One of two possible scenarios then play out:
a. You show at the next town meeting that your neighbor - John Q. Noob, is using a Lockatron LT-200 front door lock, and then proceed to show pictures, diagrams, and and example lock and how to pick it.
b. He comes home the next day, and you're standing in his living room yelling "I TOLD YOU THE LOCK WASN'T ANY GOOD!!!!".
A is fine. He'll get pissed and change his lock. B is trespassing. Too often in computer security terms people consider them the same action, and they aren't.
"People who think they know everything are very annoying to those of us who do."-Mark Twain
Seconded. Diebold (specifically, Opteva line) run plain old Windows XP. Some of them run Win XP Embedded. All of the "peripherals" in this case such as the cash dispenser, card reader, depositor if equipped, etc are just USB devices. The computer is NOT in the vault portion of the ATM, so if you can get into the flimsy door, you can get access to the computer.
If you know the passwords (they are surprisingly easy ... or just use Hiren's to blank them out) you can get into the OS itself.
I'm not sure why Diebold picked Windows, I would have preferred Linux of course, or perhaps back in the old days when the ATM wasn't a general purpose computer - it was a board with discrete circuitry and firmware. Everything to the network may be 3DES encrypted, but since it's Windows just get yourself a piece of malware on there and capture everything. Come back, retrieve the data, make yourself some cards, PROFIT. Of course, this required physical access.
The older model ATMs (like the Cashsource Plus 200/400) still run eComstation (OS/2) and can connect via modem (really just serial) or TCP.
NOT posting anonymously either. It's not like it's some big secret. If they secured their stuff, they wouldn't have to worry about it.
-Miser
The threat alone is enough because no individual (or group) can afford to spend as much money on a bogus lawsuit as any of these companies
Perhaps, in America. But civilised countries have systems of taxpayer-funded legal aid for those unable to mount their own defence, or have strict rules about misuse of court process. This kind of tomfoolery simply doesn't happen in the UK, for example; the most recent attempt being some chiropractors who tried to sue a British science journalist for proving their profession was bunkum. The chiropractors suffered the judicial equivalent of having flaming oil poured over them.
Andrew Oakley - www.aoakley.com
Perhaps you're thinking of a night deposit box which isn't an ATM. There were no ATMs in the 1950s.
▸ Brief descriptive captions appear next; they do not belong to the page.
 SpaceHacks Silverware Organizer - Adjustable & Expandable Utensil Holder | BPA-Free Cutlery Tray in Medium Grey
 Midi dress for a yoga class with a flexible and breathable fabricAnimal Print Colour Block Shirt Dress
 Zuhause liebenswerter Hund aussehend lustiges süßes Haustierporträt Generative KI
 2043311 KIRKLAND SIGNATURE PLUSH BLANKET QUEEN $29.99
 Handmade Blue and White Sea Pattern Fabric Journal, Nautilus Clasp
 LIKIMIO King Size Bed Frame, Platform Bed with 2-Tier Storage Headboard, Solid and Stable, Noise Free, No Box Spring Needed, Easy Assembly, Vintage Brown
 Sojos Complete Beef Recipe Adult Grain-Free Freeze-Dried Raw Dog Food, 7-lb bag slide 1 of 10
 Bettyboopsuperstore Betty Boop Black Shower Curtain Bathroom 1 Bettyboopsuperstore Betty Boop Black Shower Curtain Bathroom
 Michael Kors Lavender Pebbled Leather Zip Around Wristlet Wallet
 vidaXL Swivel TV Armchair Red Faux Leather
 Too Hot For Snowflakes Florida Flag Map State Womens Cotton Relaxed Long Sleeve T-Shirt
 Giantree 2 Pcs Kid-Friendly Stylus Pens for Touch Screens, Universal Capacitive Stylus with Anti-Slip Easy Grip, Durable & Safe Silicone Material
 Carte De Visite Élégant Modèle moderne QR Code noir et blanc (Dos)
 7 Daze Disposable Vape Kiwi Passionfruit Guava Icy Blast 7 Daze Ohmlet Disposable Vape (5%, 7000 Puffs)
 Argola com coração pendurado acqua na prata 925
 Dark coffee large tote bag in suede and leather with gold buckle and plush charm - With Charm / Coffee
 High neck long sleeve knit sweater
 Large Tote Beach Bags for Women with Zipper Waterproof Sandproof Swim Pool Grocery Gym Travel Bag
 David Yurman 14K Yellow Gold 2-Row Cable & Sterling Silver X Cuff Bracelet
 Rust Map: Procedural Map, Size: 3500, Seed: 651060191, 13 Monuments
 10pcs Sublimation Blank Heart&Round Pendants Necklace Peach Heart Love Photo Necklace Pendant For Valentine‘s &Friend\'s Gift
The entire purpose of a man-in-the-middle attack is work around the fact that the attacker cannot eavesdrop directly on an encrypted channel. The attacker wants the authentication credentials for your bank account, but the communication is encrypted. So instead he tricks the client device into opening an encrypted channel to HIM instead, by poisoning a DNS cache for instance, and gets you to send him the credentials directly. The whole point is to get access to what he needs to access your account.
If the data is transmitted in the clear, MITM is completely unnecessary. He just eavesdrops on the communication and gets the credentials.
It's not about "seeing your money." It's about seeing the secret numbers needed to access your money. Perhaps it would have been a better analogy if I had said that it was akin to thinking that posting the combination to your safe on a sign right next to it would protect you from safe-crackers, but I still fail to see your point.
If fate makes you a motorcycle, you become a motorcycle.